Долго везли меня и на лошадях, и на лодке. Наконец привезли в Крым, потом на корабле в Константинополь; тут на рынке татары скоро продали меня богатому турку Гемиру, для его гарема. Развратный старик-турок полюбил меня и скоро из невольниц я попала к нему в жены. О, брат мой, сколько я перенесла позора и несчастия. Какую муку терпела. И те немногие годы, что прожила я в гареме, казались мне целой вечностью. В своем отчаянии я не раз покушалась лишить себя жизни… но я помнила Бога, веровала в Него и это меня и останавливало от самоубийства. Тут я увидала тебя, и у меня созрела мысль бежать вместе с тобою из проклятой Турции. Я давно думала о побеге, но все мне как-то не удавалось… У Гемира я пользовалась большой свободой, я могла ходить куда хотела, разумеется, по обычаю закрывая свое лицо… Я как-то отправилась на Босфор, увидала капитана-англичанина, разговорилась с ним. Капитан был очень жаден до золота, я обещала ему много золота, а он за это обещал мне безопасность на своем корабле, который отплывает в Крым. И вот мы на корабле, мы спасены. Корабль скоро придет в Крым, а оттуда нетрудно будет нам добраться и в Россию, — такими словами закончила Ольга свой невеселый разговор.

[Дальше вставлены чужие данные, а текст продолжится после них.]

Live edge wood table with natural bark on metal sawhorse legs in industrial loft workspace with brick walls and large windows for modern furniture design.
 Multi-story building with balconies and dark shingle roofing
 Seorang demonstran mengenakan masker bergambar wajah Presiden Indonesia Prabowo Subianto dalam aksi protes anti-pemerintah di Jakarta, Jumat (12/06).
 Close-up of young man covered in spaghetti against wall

— И как видишь, твоя судьба несколько с моей походит… Тебя злой человек разлучил с милой невестой, а меня с любимым женихом, — тихо добавила она.
После продолжительного плавания наконец корабль, на котором находились Серебряков и красавица Ольга, бросил якорь на крымской пристани.
Капитан-англичанин в точности исполнил обещанное и высадил их на берег Крыма.
Здесь волей-неволей Серебрякову и Ольге пришлось укрываться от взоров любопытных татар; они выбрали для временного пребывания одну татарскую деревушку, в которой было всего дворов пять-шесть, не больше, и поселились в ней.
Случай им благоприятствовал. В этой деревушке проживал один татарин, по имени Узбек-Услан, старик лет шестидесяти; Узбек во время своей молодости долго жил в России и научился хорошо говорить по-русски.
Узбек жил совершенно одиноким. Его жены и дети все перемерли.
В доме Узбека поселились на несколько дней Серебряков и Ольга.
Старик татарин любил русских и с радостью принял Серебрякова и Ольгу.